> Your instructions:
Although the listing contains pictures, reproduce only its text, exactly as written.

> Input for this task:
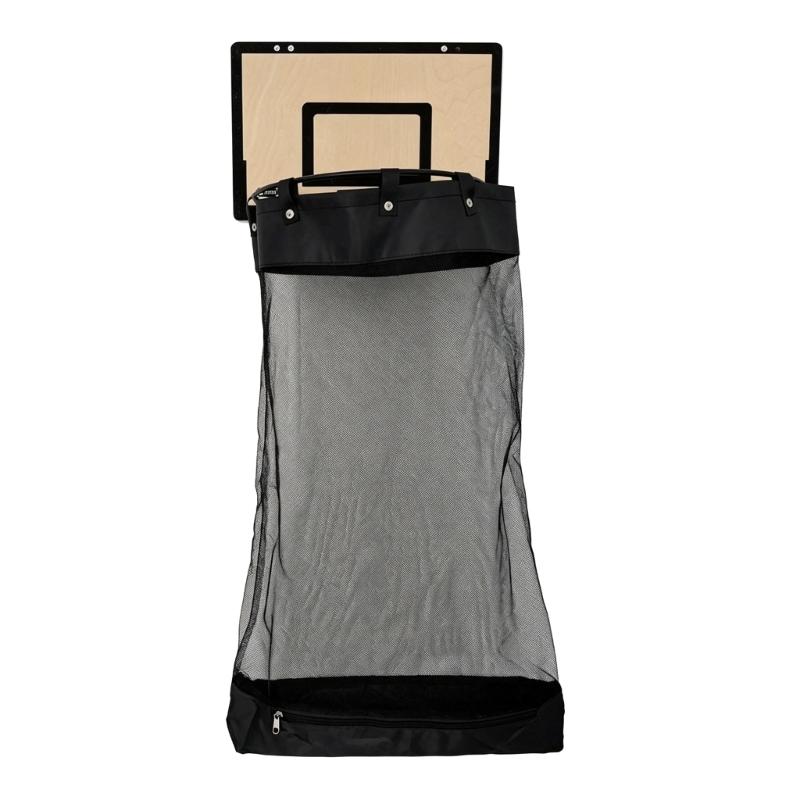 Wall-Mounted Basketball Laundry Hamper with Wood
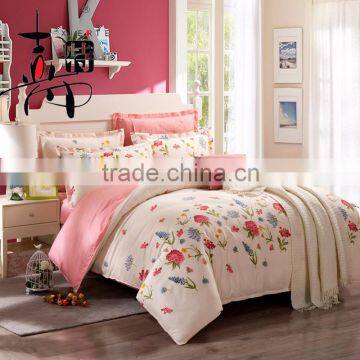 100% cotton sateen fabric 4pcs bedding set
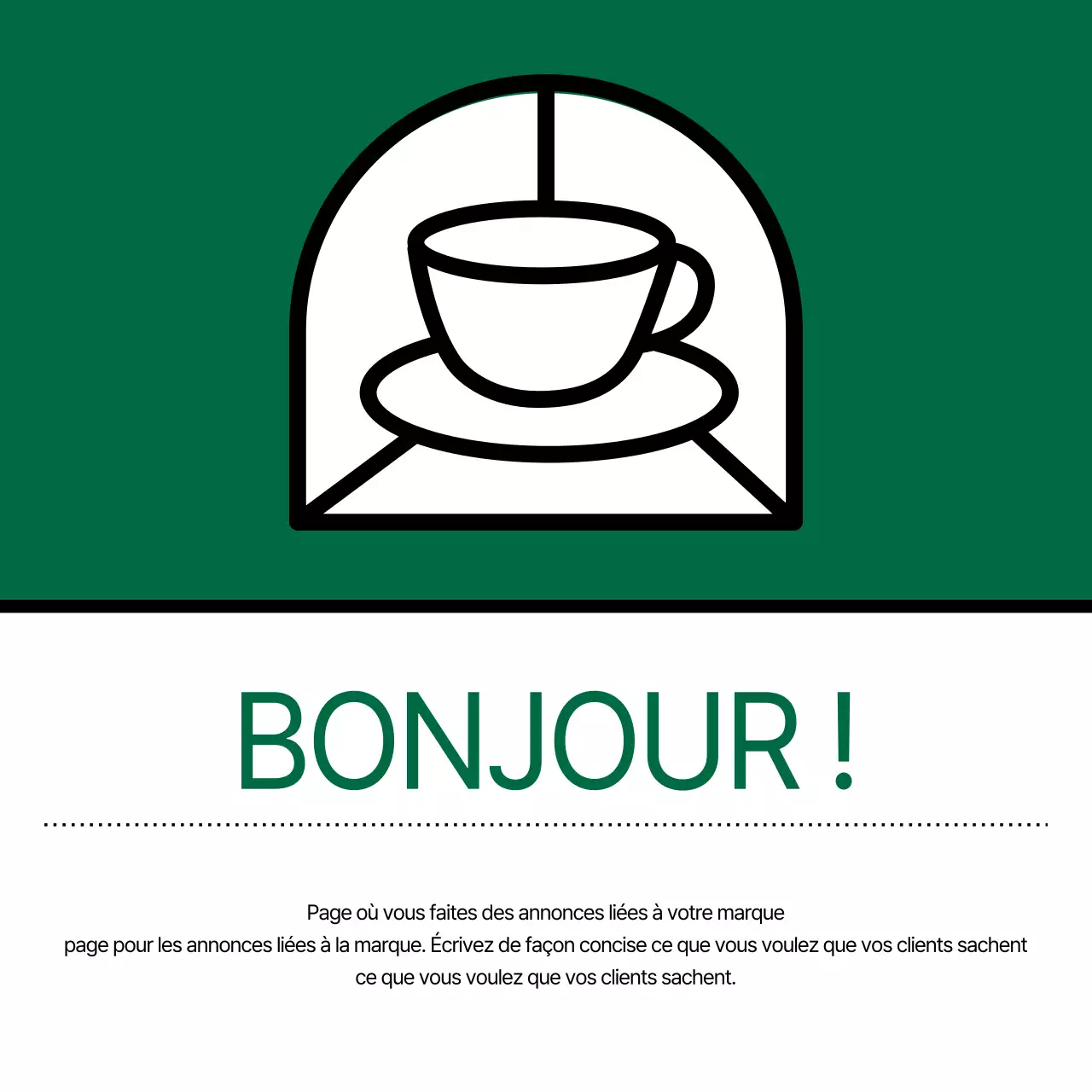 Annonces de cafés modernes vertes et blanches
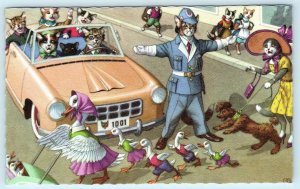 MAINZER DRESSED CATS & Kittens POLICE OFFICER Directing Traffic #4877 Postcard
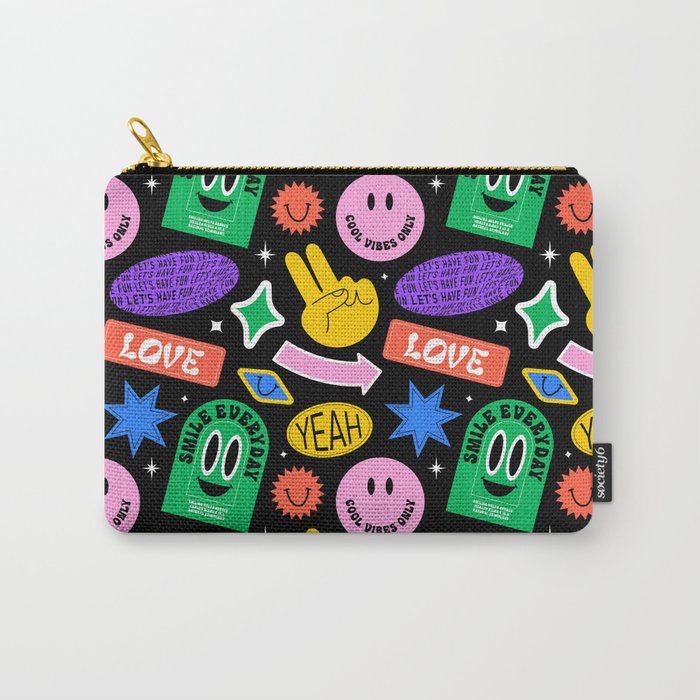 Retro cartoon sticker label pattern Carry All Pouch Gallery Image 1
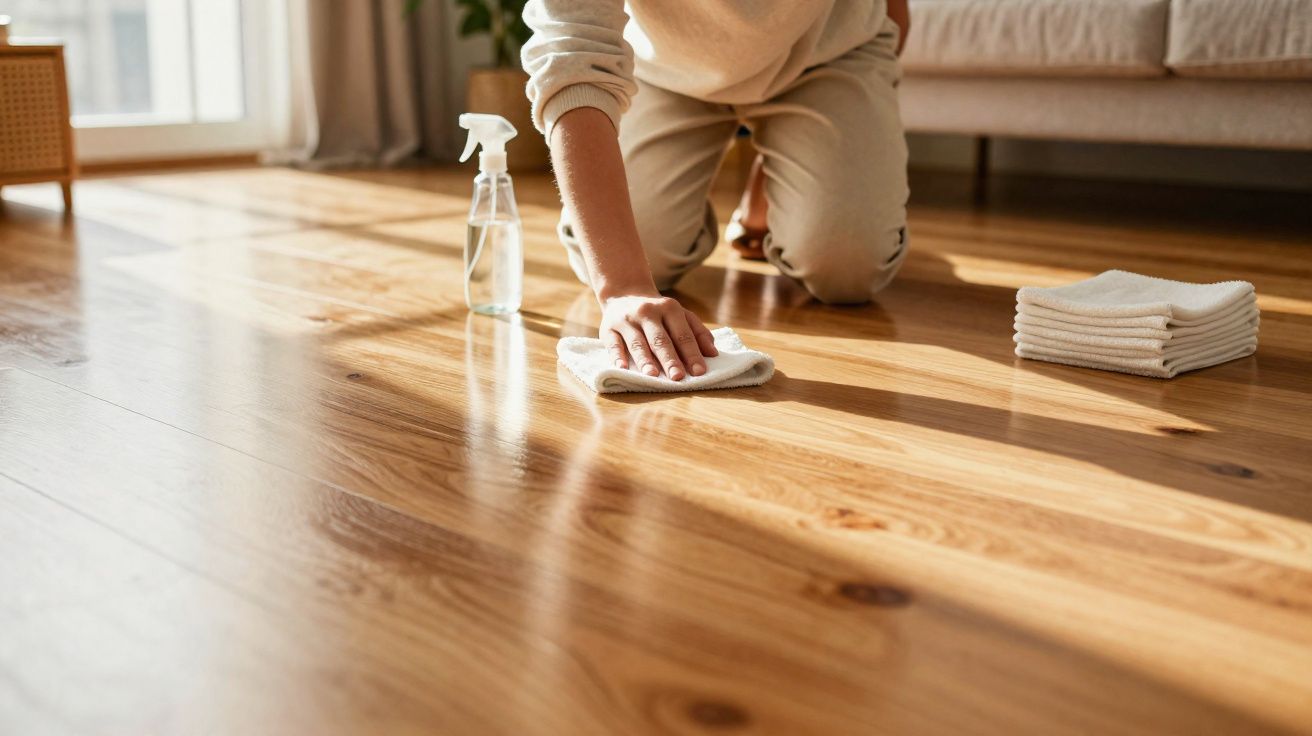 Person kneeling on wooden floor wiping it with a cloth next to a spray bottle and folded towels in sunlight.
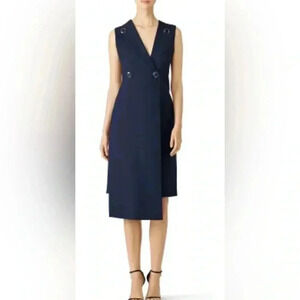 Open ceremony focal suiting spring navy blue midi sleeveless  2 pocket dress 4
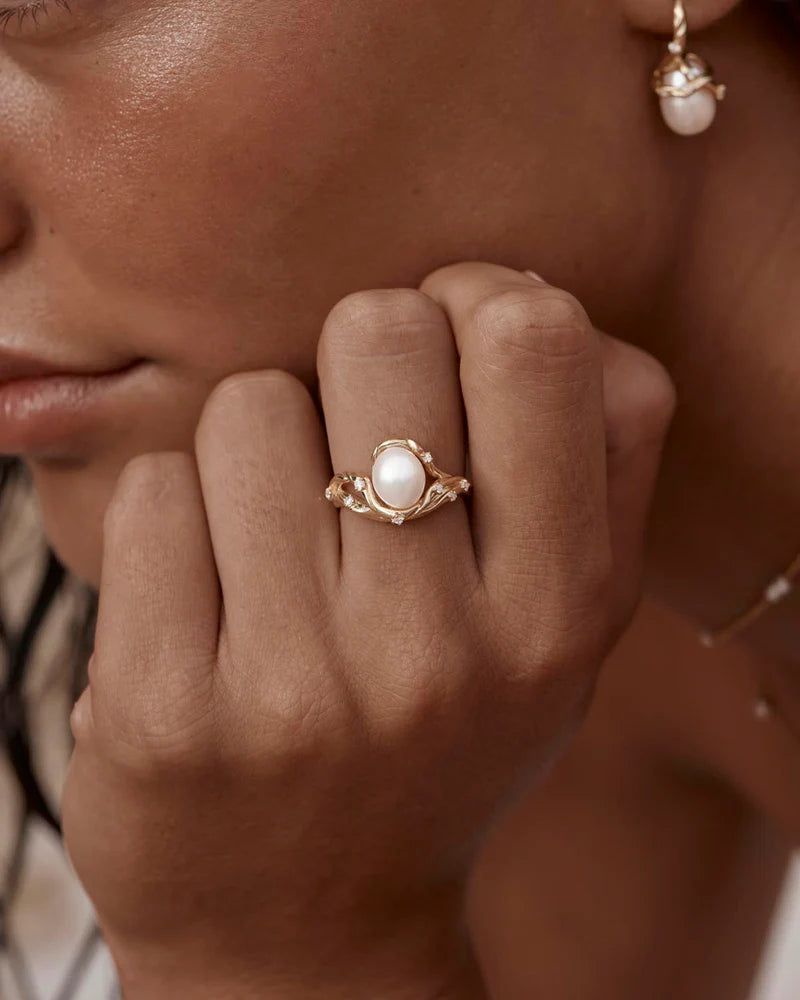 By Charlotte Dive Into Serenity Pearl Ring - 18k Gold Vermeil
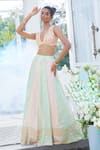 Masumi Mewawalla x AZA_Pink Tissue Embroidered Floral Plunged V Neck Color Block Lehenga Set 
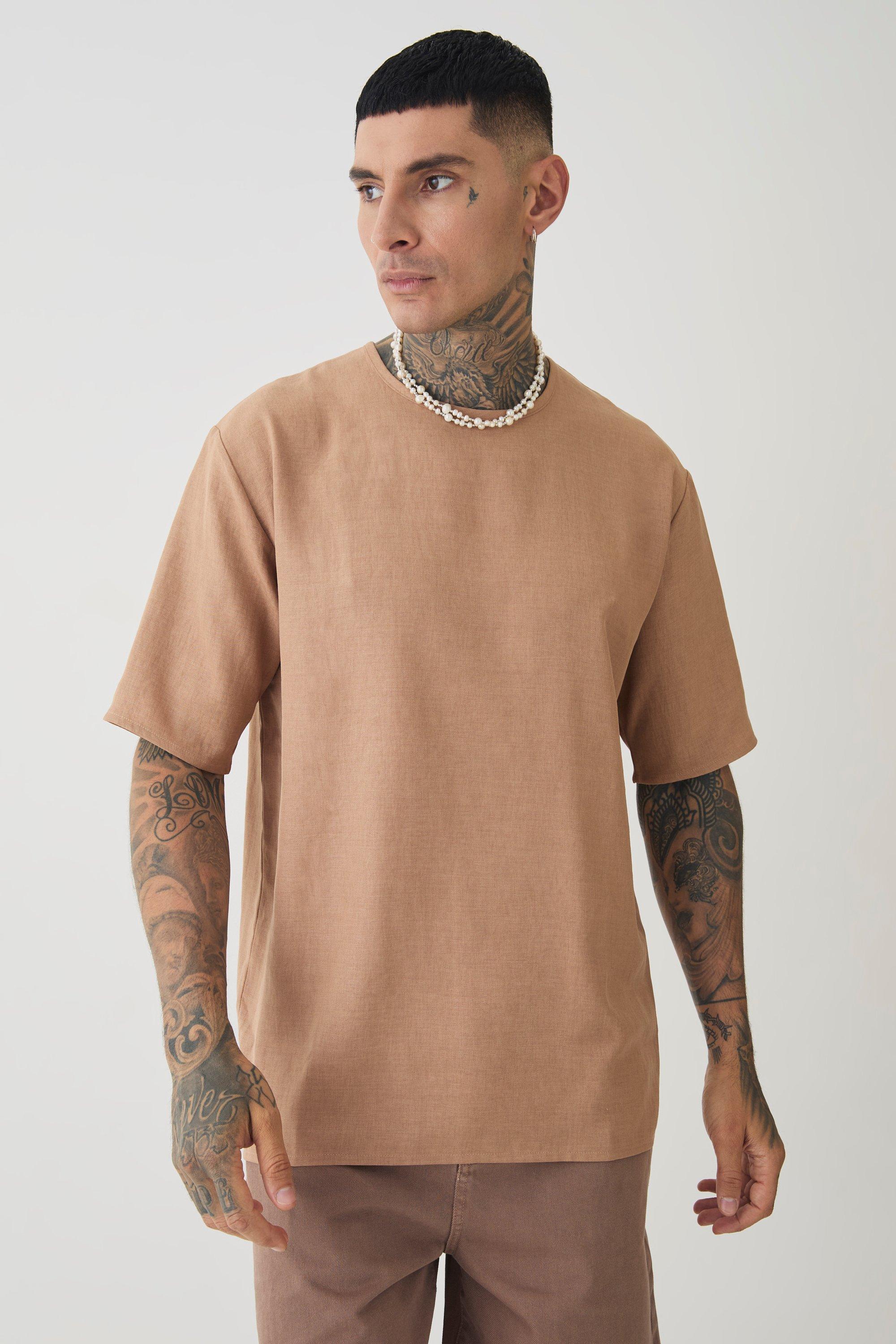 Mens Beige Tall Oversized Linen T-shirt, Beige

> Solution to the exercise:
 Wall-Mounted Basketball Laundry Hamper with Wood
 100% cotton sateen fabric 4pcs bedding set
 Annonces de cafés modernes vertes et blanches
 MAINZER DRESSED CATS & Kittens POLICE OFFICER Directing Traffic #4877 Postcard
 Retro cartoon sticker label pattern Carry All Pouch Gallery Image 1
 Person kneeling on wooden floor wiping it with a cloth next to a spray bottle and folded towels in sunlight.
 Open ceremony focal suiting spring navy blue midi sleeveless  2 pocket dress 4
 By Charlotte Dive Into Serenity Pearl Ring - 18k Gold Vermeil
 Masumi Mewawalla x AZA_Pink Tissue Embroidered Floral Plunged V Neck Color Block Lehenga Set 
 Mens Beige Tall Oversized Linen T-shirt, Beige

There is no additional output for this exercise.